BCKDE1A Das Double-Nickase-Plasmid (h) besteht aus einem aufeinander abgestimmten Plasmidpaar, das für die hochspezifische Bearbeitung des BCKDHA-Lokus in human-Zelllinien entwickelt wurde. Jedes Plasmid exprimiert eine Cas9-D10A-Nickase und eine spezifische sgRNA, die auf entgegengesetzte DNA-Stränge innerhalb von BCKDHA abzielt. Wenn sie auf benachbarte Stellen auf entgegengesetzten DNA-Strängen gerichtet sind, erzeugen die beiden Nickasen versetzte Einzelstrang-Schnitte, die zusammen einen versetzten Doppelstrangbruch erzeugen, was eine koordinierte On-Target-Aktivität beider Guides erfordert.
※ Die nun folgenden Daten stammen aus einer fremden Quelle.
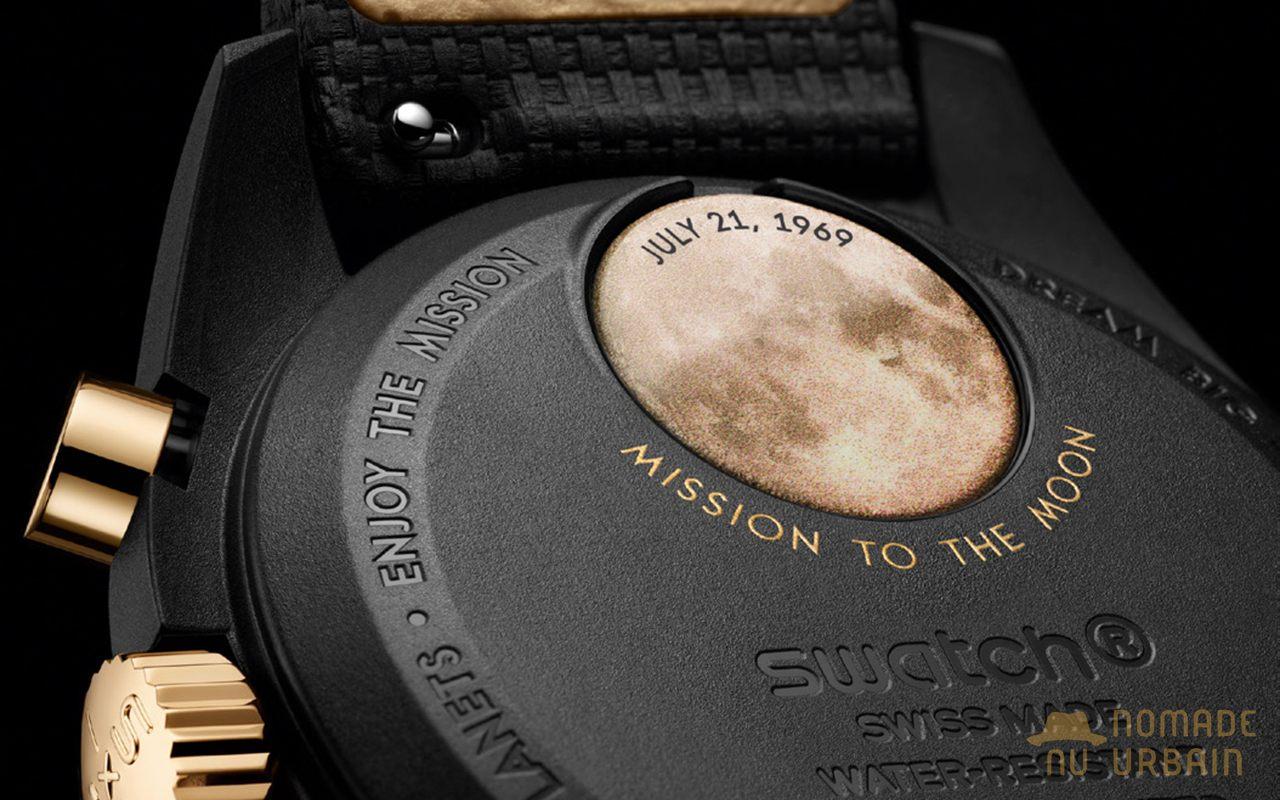 Fond de boîte de la MoonSwatch gravé Mission to the Moon avec une lune dorée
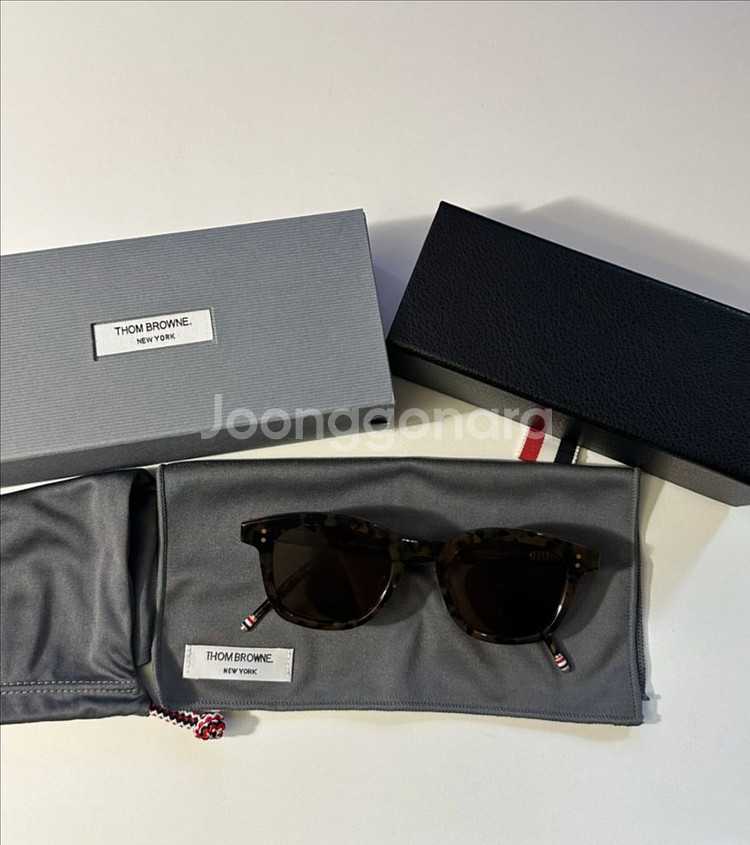 톰브라운 도쿄 톨토이즈 아세테이트 렉텡귤러 선글라스--0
Der resultierende DNA-Bruch wird durch endogene zelluläre Reparaturwege behoben, meist durch nicht-homologe Endverknüpfung (NHEJ), was zu Insertionen oder Deletionen führt, die die BCKDHA-Funktion stören. Durch die Notwendigkeit einer doppelten sgRNA-Bindung am Zielort erhöht der Doppel-Nick-Ansatz die Spezifität der Bearbeitung und bietet eine komplementäre CRISPR-Strategie für Anwendungen, bei denen eine zusätzliche Kontrolle über die Zielgenauigkeit gewünscht ist.
Um eine effiziente Identifizierung editierter Zellen zu unterstützen, kodiert ein Plasmid GFP zur fluoreszierenden Visualisierung transfizierter Populationen, während das Begleitplasmid ein Puromycin-Resistenzgen für die Antibiotika-Selektion trägt. Zusammen unterstützen diese Merkmale eine effiziente Anreicherung co-transfizierter Populationen und vereinfachen die Validierung von Klonen mit BCKDHA-Störung.
Nur für Forschungszwecke. Nicht für diagnostische oder therapeutische Zwecke bestimmt.